I’d echo entirely Conor’s words on Dublin Opinion about the recent problems over at Politics.ie, not because I’m a wimpish blogger, or middle-class bottling it in the face of power, but simply because they are right.
P.ie has become a bear pit in regard to all things Ahern and Tribunal. Words were allegedly put in the public domain that have now impelled a legal company into action with charges of defamation.
The possibility of such words being written was obvious, the response inevitable. And that David Cochrane has been, to some extent, caught in the crossfire is unfortunate.
But this is the real world where chances are a legal firm will be first to up the ante - particularly if they think that it is themselves who have been impugned.
To read this then as some sort of attack on Politics.ie with the motive of ‘chilling’ conversation on the topic of the Tribunals or Ahern is nonsense. To see that then as the rationale for a broader campaign to defend ‘free speech’ is near-risible. To then, as some (assiduously hunting with the hounds and running with the hare) suggest conspiracy - or rather air the idea that some are saying it is only to dismiss it while simultaneously spreading it yet further is … well, it is what it is.
In a situation like this there is one solution. The problem is dealt with as it by separate legal teams, because that’s the only way it can be dealt with. No public campaign on the internet is going to change this issue. No appeal to a gallery that will melt away at the first hint that this will incur either financial or other penalties. No dubious relocations whose efficacy has yet to be proven in Irish law.

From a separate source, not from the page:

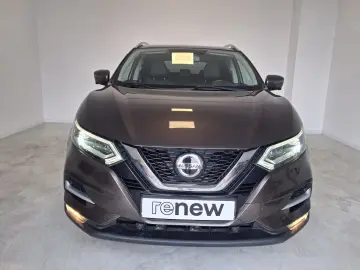 Nissan Qashqai 1.7 d 150 cp 4x4 automat Impecabil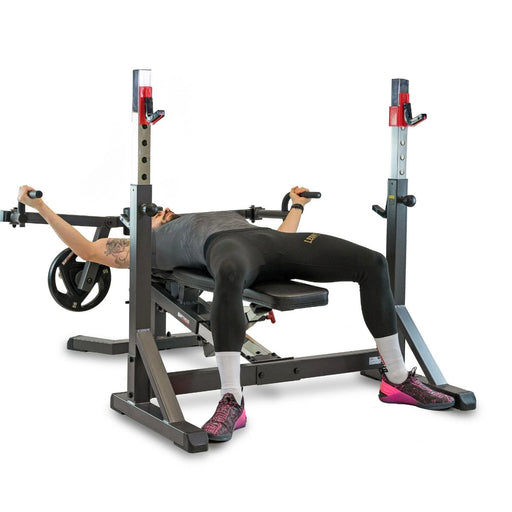 BH Butterfly para Banco Press Ajustable (G510200) - detalle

It requires first and foremost cool heads, restraint, and the sort of compromise that is one aspect of the nature of the legal system. Particularly when what we’re talking about are commercial entities.
But restraint is not the nature of the internet, of boards, or whatever. In an echo of the supposedly ‘legacy’ media, immediacy is all. What is written takes on a life of its own. The ‘campaign’ becomes all, in a perfect simplification. We’re all ‘meant’ to rally to Politics.ie (best of all someone started a P.ie ‘pledge’)…
Nevermind that Politics.ie closed down discussion of the Tribunal and Ahern. Nevermind that they weren’t asked to in the original letter, and were questioned as to why they did so in the second letter. Nevermind that apparently they are going to reopen it as soon as it suits. Not the solicitors. I think the actions were understandable, but developed into the wrong response. So why on earthy would I or any thinking human being pledge ’support’? Or as a poster on P.ie put it;
I support Dave Cochrane. I don’t support those who persist in putting his site and personal finances in jeopardy especially those mouthing off when service of legal action may be imminent.
My thoughts entirely.
Addendum: I note that Adam Maguire got some unkind words directed at him for daring to express his (entirely moderate) opinion about the matter on Newstalk today. That’s pretty unfair to, as anyone who has met Adam will confirm he’s a good observer of all things internet. Slightly entertaining was the confusion of him with Damien Mulley who is also guilty of thoughtcrimes… albeit ones that date back some time now…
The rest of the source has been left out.